As George H. Painter was preparing to retire recently as one of two administrative law judges presiding over investor complaints at the Commodity Futures Trading Commission, he issued an extraordinary request:
Please don't assign my pending cases to the other judge.
In a notice recently released by the CFTC, Painter said Judge Bruce Levine, his longtime colleague, had a secret agreement with a former Republican chairwoman of the agency to stand in the way of investors filing complaints with the agency.
"On Judge Levine's first week on the job, nearly twenty years ago, he came into my office and stated that he had promised Wendy Gramm, then Chairwoman of the Commission, that we would never rule in a complainant's favor," Painter wrote. "A review of his rulings will confirm that he fulfilled his vow," Painter wrote.

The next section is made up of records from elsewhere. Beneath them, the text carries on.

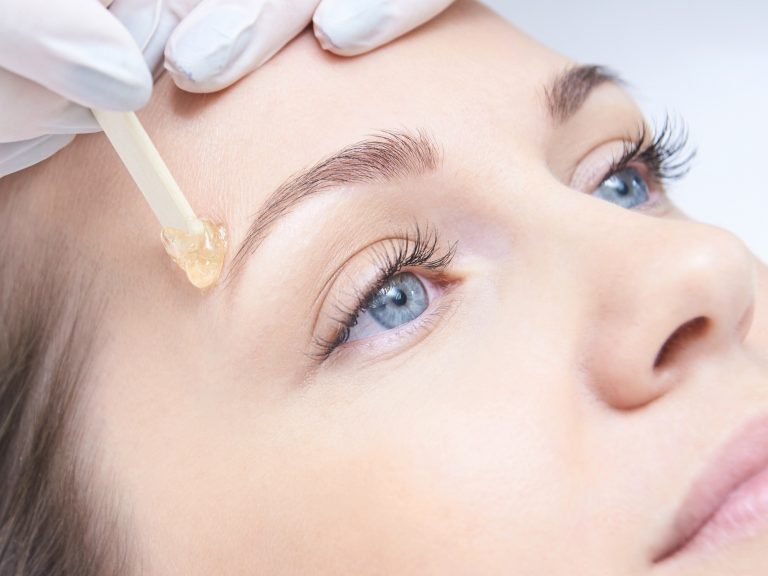 PhiMakerLoft-Eyebrows-Microshading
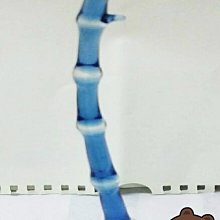 [玻璃國] 手工 玻璃筆墨水筆座 葉子琉璃筆墨水筆座  送禮自用皆宜(1組特價400元) 歷史價格詳細信息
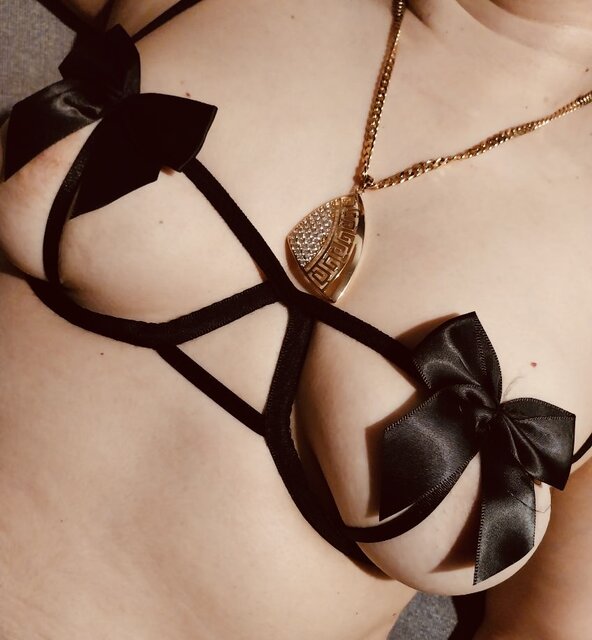 image000002.jpeg - loli8075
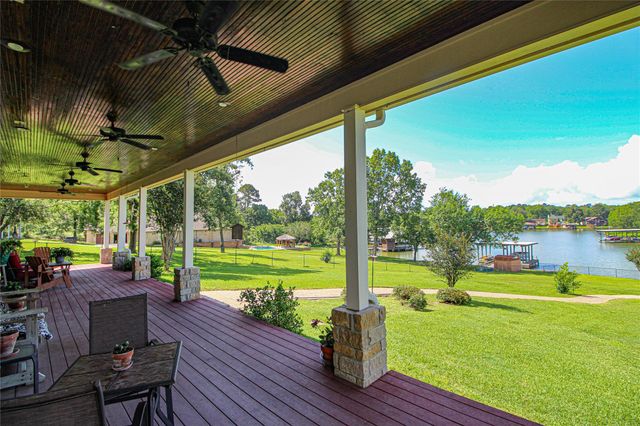 4194 Fm 3277, Livingston, TX 77351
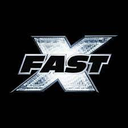 FastXFurios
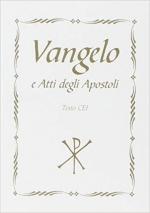 vangelo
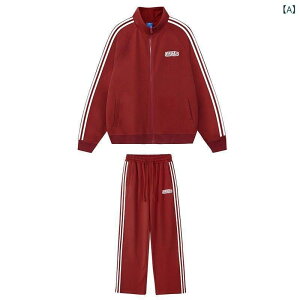 W[W jp XgCv X|[cEFA ZbgAbv Y{ WPbg  t[hȂ VFj[f XpfbNX ؂ւ jO JWA w XN[ Jbv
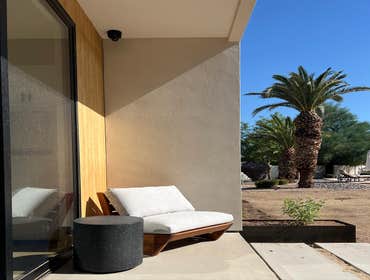 Photos by Minimal Living Concepts #1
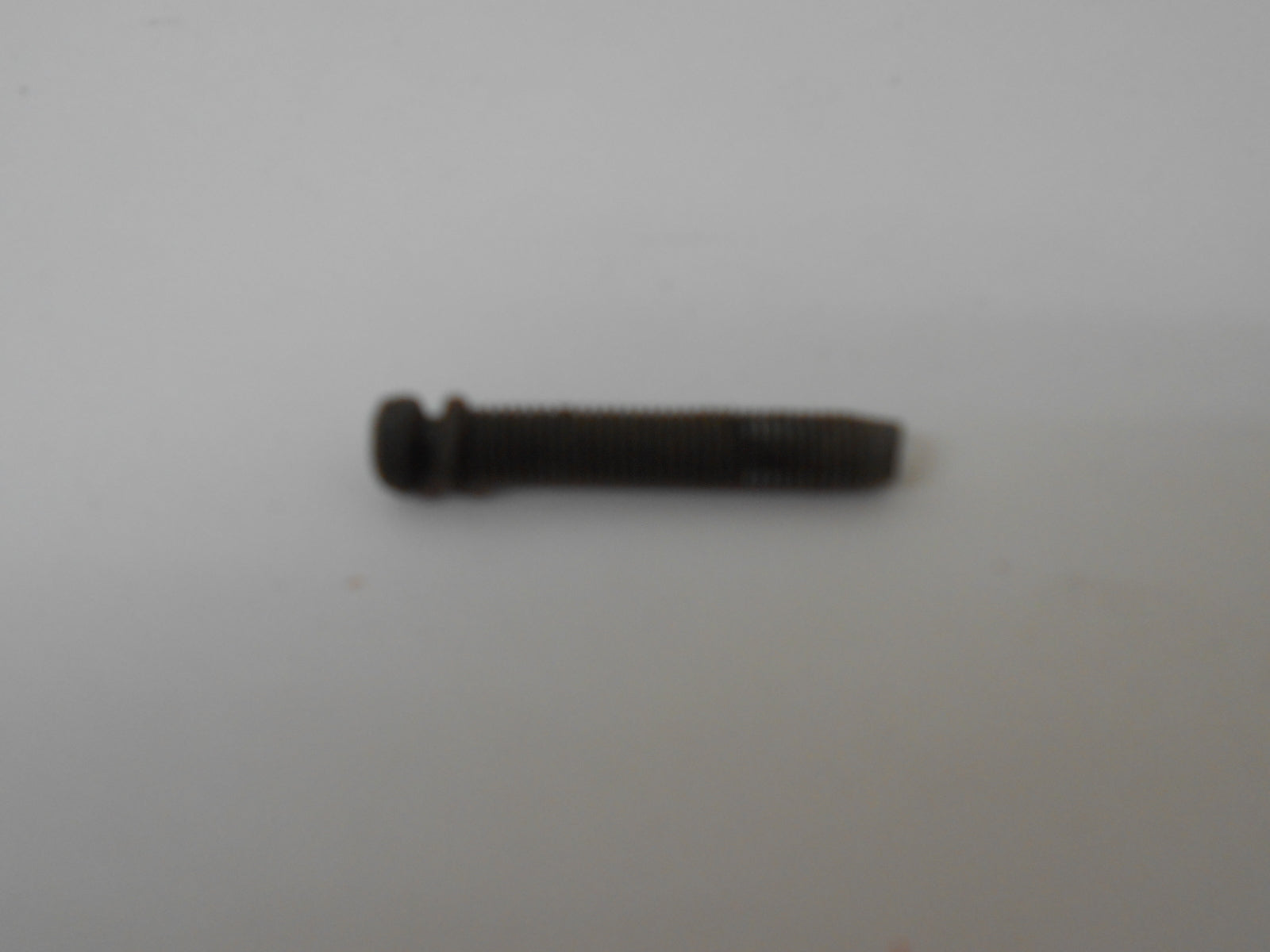 HEADLIGHT ADJUSTING SCREW - 432-162311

Painter continued: "Judge Levine, in the cynical guise of enforcing the rules, forces pro se complainants to run a hostile procedural gauntlet until they lose hope, and either withdraw their complaint or settle for a pittance, regardless of the merits of the case."
The CFTC oversees trading of the nation's most important commodities, including oil, gold and cotton. The agency's administrative law judges handle cases in which investors allege that trading professionals or financial firms violated the rules.
Gramm's name in this is no surprise, considering to whom she was married and the infamous corporate board she soon wound up sitting on.